The Clean Cookstoves Support Act is a model law publicly made available for legislative adoption and enactment by developed countries committed to addressing the needs of the 3 billion people who lack access to clean energy for cooking. The model law initiative, and public offering, is based on a foundational jurisprudential premise that needs elucidation.

Jurisprudentially, law is a normative construct that can and should respond to social problems. Law is an “instrument,” “tool,” “machine,” or “engine” for serving or achieving social objectives, and achieving practical aims.[4] Robert Summers, in discussing the use of the machinery of law to achieve socio-economic objectives, saw it as a particularly American form of legal theory spawned by theorists like Oliver Wendall Holmes, Roscoe Pound, John Dewey, John Chipman Gray, Karl Llewellyn, Walter Wheeler Cook, and Felix Cohen.[5] Summers coined the phrase “pragmatic instrumentalism” to describe how these theorists created a theory of adjudication[6] focused on the role of judges in shaping and molding law to achieve social means or ends.

The use of law for social engineering has much longer lineage beginning with the British philosopher, jurist, and social reformer Jeremy Bentham (1748-1832). Bentham, perhaps best known for his utilitarian philosophy, was also an English legal revolutionary who re-drew the contours of law. In doing so he re-created a vastly expanded domain of law in a way that had not hitherto been done. He called for a complete, comprehensive, and integrated legislative re-envisioning of the existing system of law and government. Bentham expounded the necessity for a new “form” of law that laid the foundations of a reformed society, in which the “whole of the community’s social system no less than the community’s legal system was to be located analytically within the province of legislation.”[7] Moreover, he explicated how to design, draft, implement and generally use legislation to achieve the social objectives of the new kind of law he was calling for. The vast and theretofore shapeless socio-political expanse envisioned by him had to be legislatively mapped and populated, and become part of a great reformist enterprise based on a new concept of law.

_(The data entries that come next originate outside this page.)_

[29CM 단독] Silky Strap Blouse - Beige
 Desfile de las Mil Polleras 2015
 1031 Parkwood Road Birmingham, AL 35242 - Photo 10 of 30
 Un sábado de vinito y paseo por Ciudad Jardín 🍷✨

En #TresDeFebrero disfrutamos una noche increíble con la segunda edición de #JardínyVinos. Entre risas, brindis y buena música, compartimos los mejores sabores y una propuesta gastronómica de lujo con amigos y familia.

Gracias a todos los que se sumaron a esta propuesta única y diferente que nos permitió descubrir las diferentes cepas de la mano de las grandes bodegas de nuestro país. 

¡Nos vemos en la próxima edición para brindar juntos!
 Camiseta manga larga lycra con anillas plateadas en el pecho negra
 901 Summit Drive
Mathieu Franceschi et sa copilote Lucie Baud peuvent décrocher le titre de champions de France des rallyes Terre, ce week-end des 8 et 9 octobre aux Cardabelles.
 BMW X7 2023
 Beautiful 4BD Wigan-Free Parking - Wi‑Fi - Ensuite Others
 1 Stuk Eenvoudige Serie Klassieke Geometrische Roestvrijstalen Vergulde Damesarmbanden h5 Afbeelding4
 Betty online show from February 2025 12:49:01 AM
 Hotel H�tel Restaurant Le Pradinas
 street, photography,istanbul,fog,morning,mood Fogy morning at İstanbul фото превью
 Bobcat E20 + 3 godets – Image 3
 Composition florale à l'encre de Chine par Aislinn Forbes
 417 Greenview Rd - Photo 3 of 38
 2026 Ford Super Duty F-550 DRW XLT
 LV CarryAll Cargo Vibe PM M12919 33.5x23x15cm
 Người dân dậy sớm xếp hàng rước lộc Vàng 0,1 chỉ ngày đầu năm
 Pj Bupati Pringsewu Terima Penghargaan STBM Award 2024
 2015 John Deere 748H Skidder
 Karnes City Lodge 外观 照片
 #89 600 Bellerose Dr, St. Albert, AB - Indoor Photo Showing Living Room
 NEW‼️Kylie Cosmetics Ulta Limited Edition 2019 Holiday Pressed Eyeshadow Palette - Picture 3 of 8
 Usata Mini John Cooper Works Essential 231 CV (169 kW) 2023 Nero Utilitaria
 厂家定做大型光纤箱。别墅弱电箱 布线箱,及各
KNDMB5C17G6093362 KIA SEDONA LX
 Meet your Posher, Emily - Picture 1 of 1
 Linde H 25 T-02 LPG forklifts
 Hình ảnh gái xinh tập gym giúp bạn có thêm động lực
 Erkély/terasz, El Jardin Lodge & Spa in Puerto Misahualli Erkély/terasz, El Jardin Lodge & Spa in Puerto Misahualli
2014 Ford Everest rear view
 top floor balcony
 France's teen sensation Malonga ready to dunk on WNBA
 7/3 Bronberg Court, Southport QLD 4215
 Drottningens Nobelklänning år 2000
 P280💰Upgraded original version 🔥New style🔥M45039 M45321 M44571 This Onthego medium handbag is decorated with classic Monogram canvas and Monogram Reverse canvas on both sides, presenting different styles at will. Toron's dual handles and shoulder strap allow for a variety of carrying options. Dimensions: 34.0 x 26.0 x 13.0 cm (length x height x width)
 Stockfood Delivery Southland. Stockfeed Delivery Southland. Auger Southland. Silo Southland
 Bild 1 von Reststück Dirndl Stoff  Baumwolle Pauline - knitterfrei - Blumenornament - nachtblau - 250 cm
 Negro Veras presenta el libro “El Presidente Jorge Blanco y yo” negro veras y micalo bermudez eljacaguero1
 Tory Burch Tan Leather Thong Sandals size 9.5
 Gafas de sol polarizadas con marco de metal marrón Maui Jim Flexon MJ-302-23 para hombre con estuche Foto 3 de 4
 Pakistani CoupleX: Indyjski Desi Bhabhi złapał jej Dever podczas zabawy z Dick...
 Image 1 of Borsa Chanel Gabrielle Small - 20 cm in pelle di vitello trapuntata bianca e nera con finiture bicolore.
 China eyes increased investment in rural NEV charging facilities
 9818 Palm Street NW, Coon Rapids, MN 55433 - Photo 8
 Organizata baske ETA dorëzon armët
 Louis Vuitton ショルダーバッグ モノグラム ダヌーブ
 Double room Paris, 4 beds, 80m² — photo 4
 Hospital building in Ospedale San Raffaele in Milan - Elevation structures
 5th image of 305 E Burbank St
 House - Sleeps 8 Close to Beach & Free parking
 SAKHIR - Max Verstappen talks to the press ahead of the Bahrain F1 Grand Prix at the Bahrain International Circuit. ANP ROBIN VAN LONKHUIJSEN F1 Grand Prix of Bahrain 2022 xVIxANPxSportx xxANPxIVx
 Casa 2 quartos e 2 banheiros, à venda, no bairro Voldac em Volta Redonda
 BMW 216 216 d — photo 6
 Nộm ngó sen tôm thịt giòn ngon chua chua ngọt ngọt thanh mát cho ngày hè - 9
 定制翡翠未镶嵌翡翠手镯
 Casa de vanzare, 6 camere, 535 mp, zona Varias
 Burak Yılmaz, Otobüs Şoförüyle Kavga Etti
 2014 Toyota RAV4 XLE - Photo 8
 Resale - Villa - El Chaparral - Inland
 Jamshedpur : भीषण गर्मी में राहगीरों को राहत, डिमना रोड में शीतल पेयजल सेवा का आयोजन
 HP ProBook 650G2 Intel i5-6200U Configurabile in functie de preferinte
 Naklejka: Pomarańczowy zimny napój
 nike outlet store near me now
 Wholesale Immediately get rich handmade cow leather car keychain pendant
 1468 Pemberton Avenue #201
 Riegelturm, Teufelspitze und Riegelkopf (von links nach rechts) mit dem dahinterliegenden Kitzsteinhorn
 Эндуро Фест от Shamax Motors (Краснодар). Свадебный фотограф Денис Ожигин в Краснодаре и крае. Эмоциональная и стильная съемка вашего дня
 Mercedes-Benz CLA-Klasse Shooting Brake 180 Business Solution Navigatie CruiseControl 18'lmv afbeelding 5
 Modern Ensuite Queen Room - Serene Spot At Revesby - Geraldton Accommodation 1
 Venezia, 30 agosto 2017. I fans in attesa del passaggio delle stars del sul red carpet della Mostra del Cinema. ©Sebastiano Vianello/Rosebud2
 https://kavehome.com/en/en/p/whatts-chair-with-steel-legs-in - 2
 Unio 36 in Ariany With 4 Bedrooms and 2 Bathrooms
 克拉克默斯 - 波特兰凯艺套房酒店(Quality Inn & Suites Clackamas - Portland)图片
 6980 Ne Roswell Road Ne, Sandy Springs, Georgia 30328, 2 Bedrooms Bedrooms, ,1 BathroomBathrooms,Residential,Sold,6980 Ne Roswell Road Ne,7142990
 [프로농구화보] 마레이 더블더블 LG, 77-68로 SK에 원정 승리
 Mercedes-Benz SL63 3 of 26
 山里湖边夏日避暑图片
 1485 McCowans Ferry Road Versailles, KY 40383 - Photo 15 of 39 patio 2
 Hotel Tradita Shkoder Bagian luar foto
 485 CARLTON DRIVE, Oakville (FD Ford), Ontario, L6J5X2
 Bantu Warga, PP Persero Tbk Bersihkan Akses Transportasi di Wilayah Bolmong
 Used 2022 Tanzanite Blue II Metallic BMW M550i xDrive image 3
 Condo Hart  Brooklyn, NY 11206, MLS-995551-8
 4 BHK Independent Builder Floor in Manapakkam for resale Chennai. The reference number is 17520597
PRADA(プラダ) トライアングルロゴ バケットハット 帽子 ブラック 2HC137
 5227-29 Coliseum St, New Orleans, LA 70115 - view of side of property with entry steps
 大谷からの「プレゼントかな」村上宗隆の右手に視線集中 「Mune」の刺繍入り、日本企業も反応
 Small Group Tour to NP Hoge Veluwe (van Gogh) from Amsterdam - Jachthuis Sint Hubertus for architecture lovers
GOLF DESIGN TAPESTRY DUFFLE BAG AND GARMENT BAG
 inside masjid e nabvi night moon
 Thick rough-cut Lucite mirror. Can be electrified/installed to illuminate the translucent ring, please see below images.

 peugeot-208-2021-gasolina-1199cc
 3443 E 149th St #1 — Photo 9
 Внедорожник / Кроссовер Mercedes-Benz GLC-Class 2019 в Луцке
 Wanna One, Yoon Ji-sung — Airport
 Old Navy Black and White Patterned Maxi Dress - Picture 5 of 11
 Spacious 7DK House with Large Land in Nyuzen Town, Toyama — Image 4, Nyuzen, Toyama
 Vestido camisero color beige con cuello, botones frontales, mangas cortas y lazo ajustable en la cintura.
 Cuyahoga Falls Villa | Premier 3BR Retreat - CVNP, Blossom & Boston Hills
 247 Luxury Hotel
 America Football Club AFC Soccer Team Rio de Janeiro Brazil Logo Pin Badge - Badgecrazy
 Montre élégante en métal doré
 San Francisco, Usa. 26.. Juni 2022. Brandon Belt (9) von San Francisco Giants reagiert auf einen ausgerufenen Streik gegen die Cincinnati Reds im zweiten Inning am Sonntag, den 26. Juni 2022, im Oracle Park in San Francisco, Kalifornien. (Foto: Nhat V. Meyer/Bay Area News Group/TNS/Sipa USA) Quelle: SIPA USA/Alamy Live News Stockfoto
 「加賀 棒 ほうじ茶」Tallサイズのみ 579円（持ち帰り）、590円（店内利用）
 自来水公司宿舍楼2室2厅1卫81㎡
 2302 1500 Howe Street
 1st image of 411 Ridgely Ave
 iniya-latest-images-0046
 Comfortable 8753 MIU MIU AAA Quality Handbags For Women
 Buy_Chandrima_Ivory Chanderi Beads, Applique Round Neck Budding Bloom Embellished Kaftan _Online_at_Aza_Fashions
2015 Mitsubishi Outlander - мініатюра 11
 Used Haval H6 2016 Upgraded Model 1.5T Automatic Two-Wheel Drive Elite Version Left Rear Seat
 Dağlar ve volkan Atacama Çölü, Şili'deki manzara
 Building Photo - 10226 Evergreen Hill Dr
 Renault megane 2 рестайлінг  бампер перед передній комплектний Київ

What we are trying to do in this model law is based on Benthamite jurisprudence. This draft model law could be enacted by the legislatures of developed countries while its companion model law could be enacted by developing countries. Legislatures enacting these model laws will be adopting problem-solving legislation that falls within the compass of law envisioned by Bentham. For example, the model law for developing countries is actually a blueprint for the national dissemination of clean cookstoves.[8] It offers a carefully constructed foundation which will ensure that the national enterprise of installing cookstoves is successfully undertaken. Similarly, the model law for developed countries commits them to take practical steps in pursuance of providing developing countries and peoples with access to clean energy for cooking.

Both developed and developing nations adopting a model law, or variations of it, will be using the machinery of law to achieve the compelling social objective of combating indoor air pollution and global warming. From a global perspective, the enterprise of law encompasses public international as well as national laws. When adopted or enacted, model laws will become municipal or national legislation, as contrasted to international treaties. The use of a national legislation to address an international problem requires explanation.

Public international law is the law that creates and governs inter-state (or country) relationships, primarily through contracts called treaties, conventions, and protocols. It is possible for the 192 countries in the world to come together as a lawmaking assembly with a view to negotiating and drafting a global treaty to address indoor air pollution. This is what happened with climate change and biodiversity. Under the international law approach to indoor air pollution, it is also possible for countries to enter into less ambitious regional multilateral treaties governing regions identified by trade or geo-politics. It is also possible for one country to enter into a bilateral agreement with another country. But given the ubiquitous nature of indoor air pollution, and the need for both developed and developing country responses, the treaty or public international law track probably calls for a multilateral global treaty.

But it is becoming evident that large international treaties or conventions of this kind are exceptionally difficult to negotiate, and even more resistant to implementation and enforcement. Despite tremendous diplomatic- and media-backing, the faltering negotiation of a treaty to replace the Kyoto Protocol is strong evidence of this backing away from large multilateral treaties. Moreover, the search for consensus between different legal traditions is not an easy enterprise. Some commentators claim that international treaties and conventions are inevitably and confessedly drafted as multi-cultural compromises between different schemes of law. Consequently they will normally have less merit than most of the individual legal systems from which they have been derived.[9]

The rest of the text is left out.